Sur Facebook, Miak Siew s'interroge sur les dépenses prioritaires de Singapour:
Folks – you ask me if we host refugees where is the money going to come from.
i ask you – Where does the millions of dollars spent on fireworks for National Day every year come from?you are happy to burn millions shooting lights into the sky, but you are not happy saving lives? Says a lot about our priorities
Les gars – vous me demandez d'où va venir l'argent si nous recevons des réfugiés.
Je vous le demande – D'où viennent les millions de dollars dépensés chaque année en feux d'artifice le jour de la fête nationale?Ça vous plaît de brûler des millions pour des tirs de lumière dans le ciel mais ça ne vous plaît pas de sauver des vies? Ça en dit long sur nos priorités.
Dans le même temps, des Singapouriens approuvent l'approche non-interventionniste du gouvernement, car ils craignent que reloger les réfugiés n'épuise les ressources.
Wei Wen explique sur Facebook pourquoi il comprend la position du gouvernement:
The much bigger point is where does this all lead to? How will they eventually be resettled? Can they really assimilate and integrate into the society? Are we going to house them for decades and beyond? How long before our generosity is worn thin and we realize that there is no other option but continue? Look at the realities in all these options seriously and tell me that our government should not have the heart to protect the best interests of its people?

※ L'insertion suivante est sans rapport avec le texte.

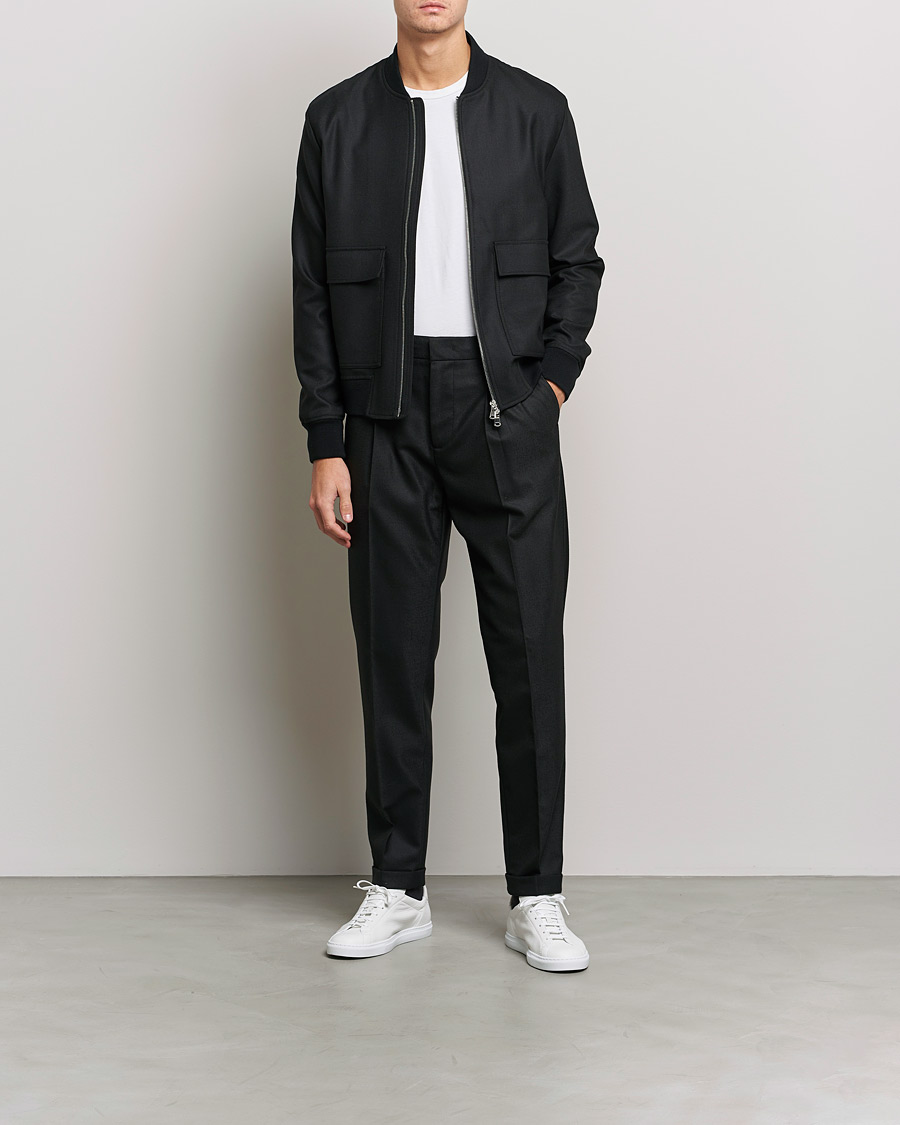 Herr | Jackor | J.Lindeberg | Thom Bomber Wool Twill Jacket Black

La question la plus importante est où tout cela nous mène-t-il? Comment [les réfugiés] seront-ils relogés en fin de compte? Peuvent-ils vraiment être assimilés et s'intégrer dans la société? Allons-nous devoir les héberger durant des décennies voire plus? Combien de temps avant que notre générosité ne s'érode et que nous réalisions qu'il n'y a pas d'autre choix que de continuer? Regardez sérieusement les réalités de chacune de ces options et dites-moi que notre gouvernement ne devrait pas avoir à cœur de défendre les intérêts de son peuple.

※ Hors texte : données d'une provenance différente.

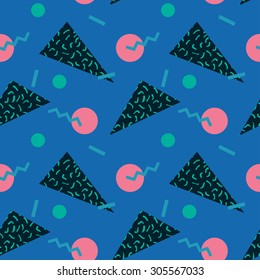 Seamless abstract geometric pattern in retro Memphis style, fashion 80s. It can be used in printing, website backdrop and fabric design.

Quant au blogueur politique Alex Au, il propose que les pays déploient leur flotte vers le Myanmar pour intercepter les passeurs et les victimes du trafic d'êtres humains:
Patrolling about 300 – 400 km of coast is a lot easier than scouring half the Andaman Sea looking for smugglers’ boats. Picking people up before they get hungry or thirsty reduces the amount of costly medical intervention required.

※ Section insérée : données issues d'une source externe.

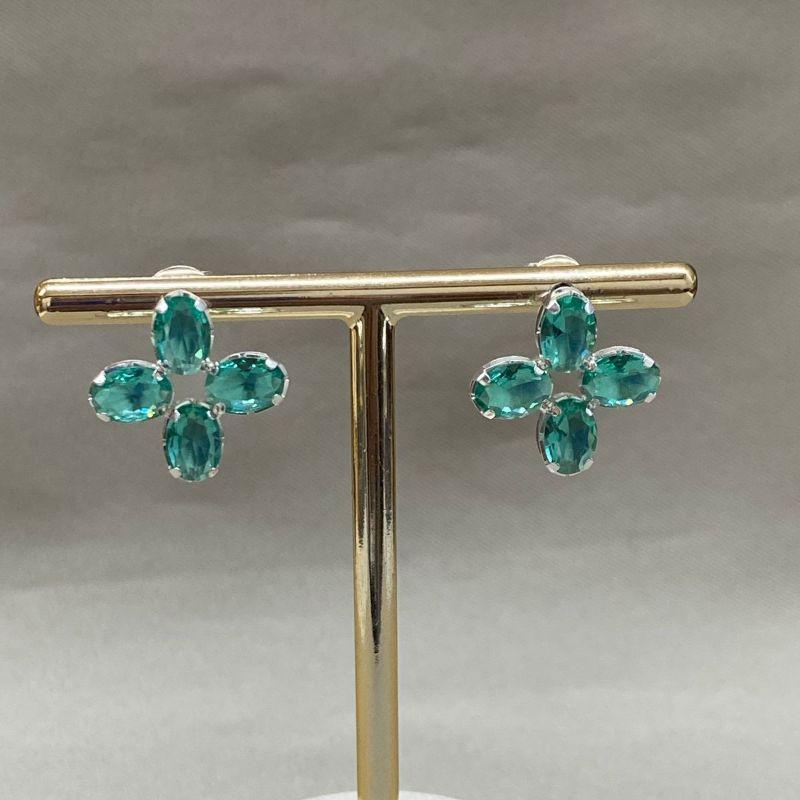 BRINCO FLOR ZIRCONIA TURMALINA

The navies should intercept and check all boats leaving Burmese waters. Refugees or trafficked persons found on board should be removed and the boat seized. Traffickers and boat operators should of course be taken into detention.
Patrouiller le long de 300 – 400 km de côtes est beaucoup plus facile que d'écumer la moitié de la mer d'Andaman à la recherche des bateaux des passeurs. Recueillir les gens avant qu'ils n'aient faim ou soif réduit le nombre d'interventions médicales coûteuses à effectuer.
Les marines nationales devraient intercepter et contrôler tous les bateaux qui quittent les eaux birmanes. Les réfugiés ou les victimes du trafic d'êtres humains découverts à bord devraient être emmenés et le bateau saisi. Les trafiquants et les exploitants des bateaux devraient bien sûr être placés en détention.